TASK TO CARRY OUT =>
Copy nothing but the lines below, from the one with "Camisa Bait Fishing" through the one with "Alphm 925 Sterling", exactly as written; no pictures should appear.

SUPPLIED RECORDS =>
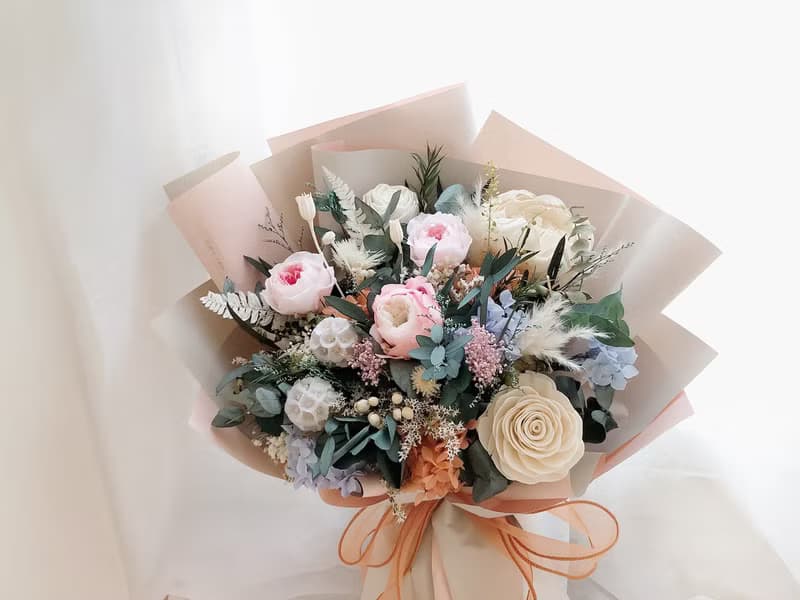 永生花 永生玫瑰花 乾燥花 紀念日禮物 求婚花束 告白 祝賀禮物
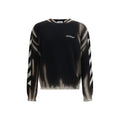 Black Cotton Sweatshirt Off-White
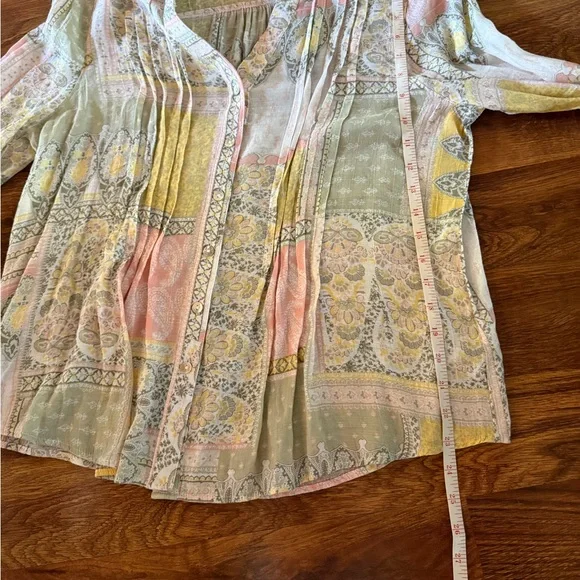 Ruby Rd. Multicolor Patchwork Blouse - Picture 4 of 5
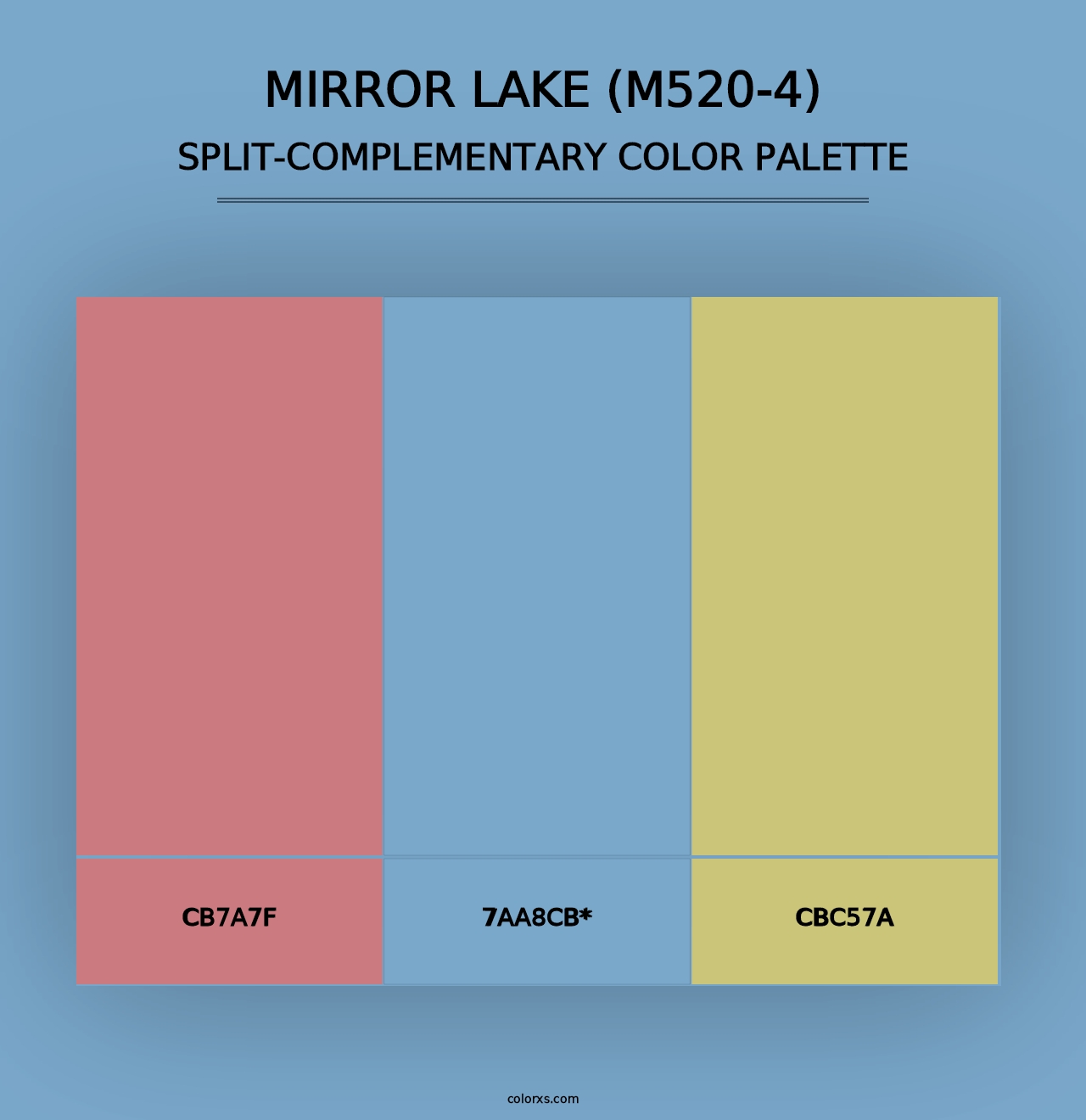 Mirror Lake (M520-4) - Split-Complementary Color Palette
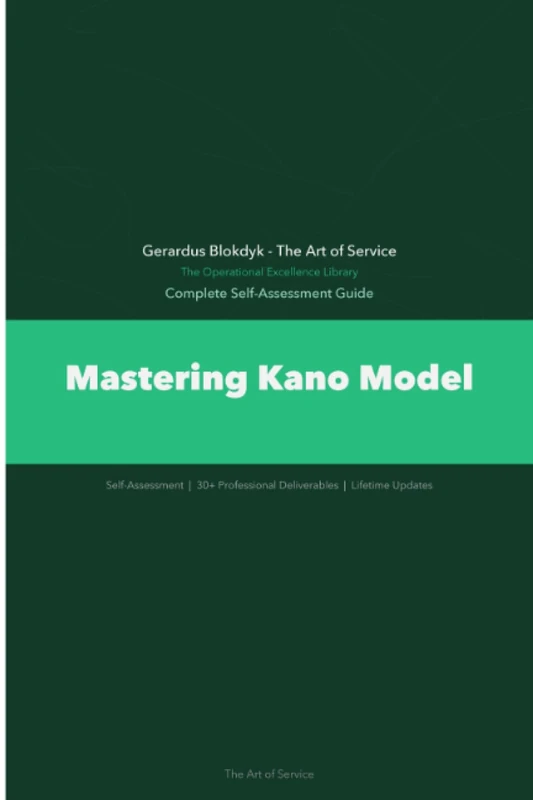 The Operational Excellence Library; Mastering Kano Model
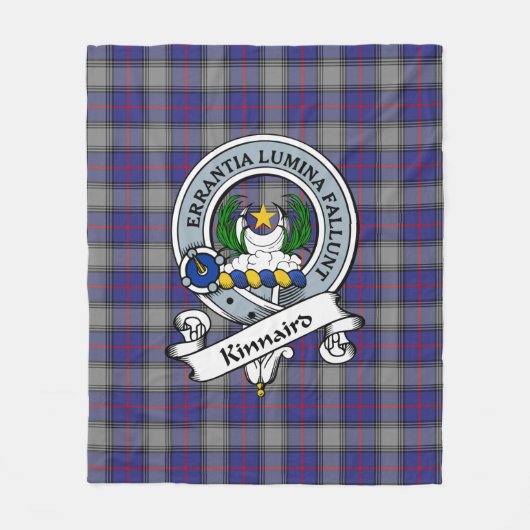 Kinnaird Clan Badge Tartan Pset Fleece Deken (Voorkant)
...
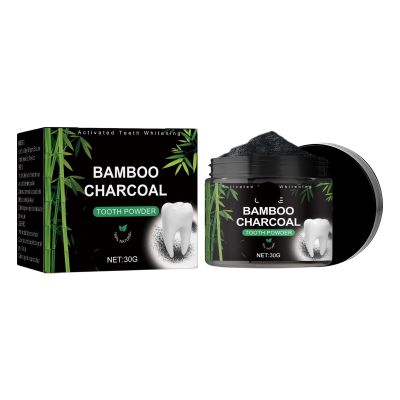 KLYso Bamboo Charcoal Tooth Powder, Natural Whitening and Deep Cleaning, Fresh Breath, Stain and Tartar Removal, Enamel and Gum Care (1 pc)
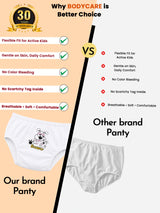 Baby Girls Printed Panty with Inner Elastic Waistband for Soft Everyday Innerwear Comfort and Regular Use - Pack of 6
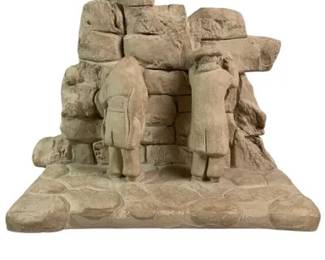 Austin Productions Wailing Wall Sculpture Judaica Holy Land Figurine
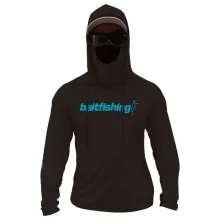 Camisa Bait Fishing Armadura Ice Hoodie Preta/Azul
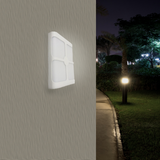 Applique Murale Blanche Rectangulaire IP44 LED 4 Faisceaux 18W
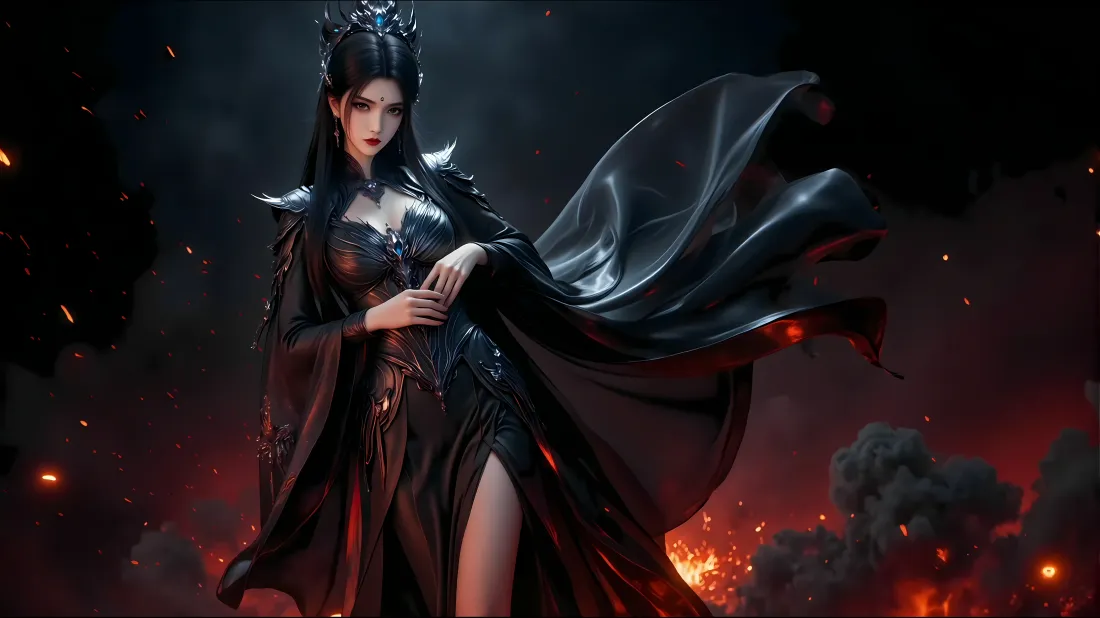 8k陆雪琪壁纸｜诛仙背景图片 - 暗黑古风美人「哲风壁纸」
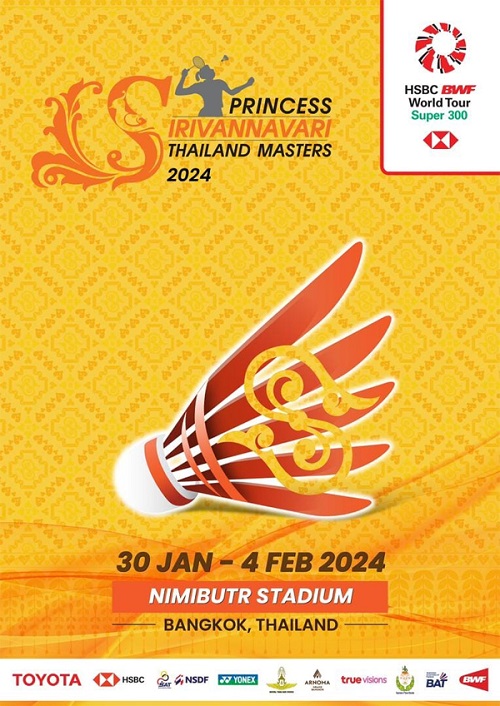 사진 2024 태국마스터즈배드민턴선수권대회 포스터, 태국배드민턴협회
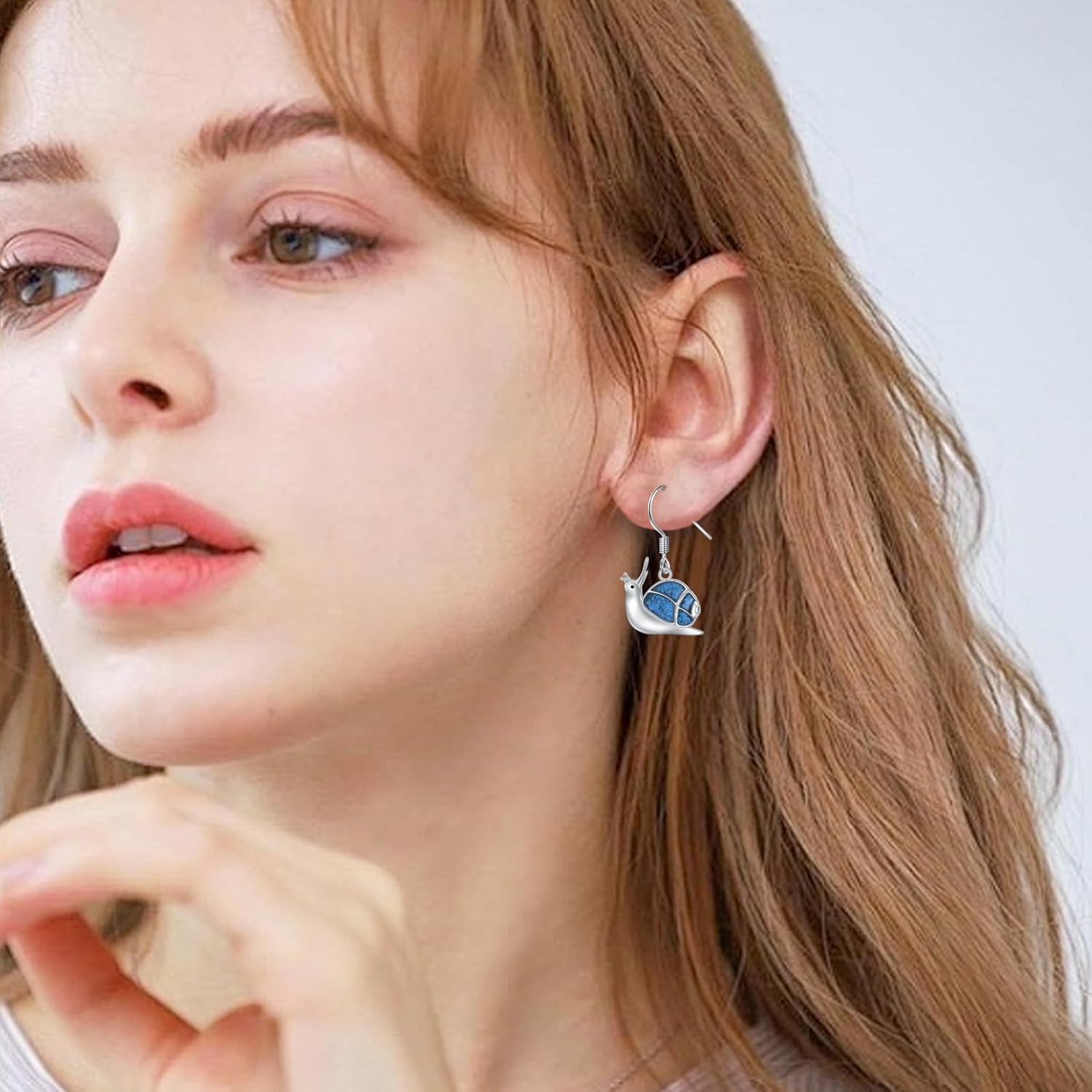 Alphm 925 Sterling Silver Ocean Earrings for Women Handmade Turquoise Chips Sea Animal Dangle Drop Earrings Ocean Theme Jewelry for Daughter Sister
...
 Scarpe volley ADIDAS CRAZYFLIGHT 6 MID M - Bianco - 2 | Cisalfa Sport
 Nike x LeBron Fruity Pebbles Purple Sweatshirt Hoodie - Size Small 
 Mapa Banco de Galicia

COMPLETED TASK =>
 Camisa Bait Fishing Armadura Ice Hoodie Preta/Azul
 Applique Murale Blanche Rectangulaire IP44 LED 4 Faisceaux 18W
 8k陆雪琪壁纸｜诛仙背景图片 - 暗黑古风美人「哲风壁纸」
 사진 2024 태국마스터즈배드민턴선수권대회 포스터, 태국배드민턴협회
 Alphm 925 Sterling Silver Ocean Earrings for Women Handmade Turquoise Chips Sea Animal Dangle Drop Earrings Ocean Theme Jewelry for Daughter Sister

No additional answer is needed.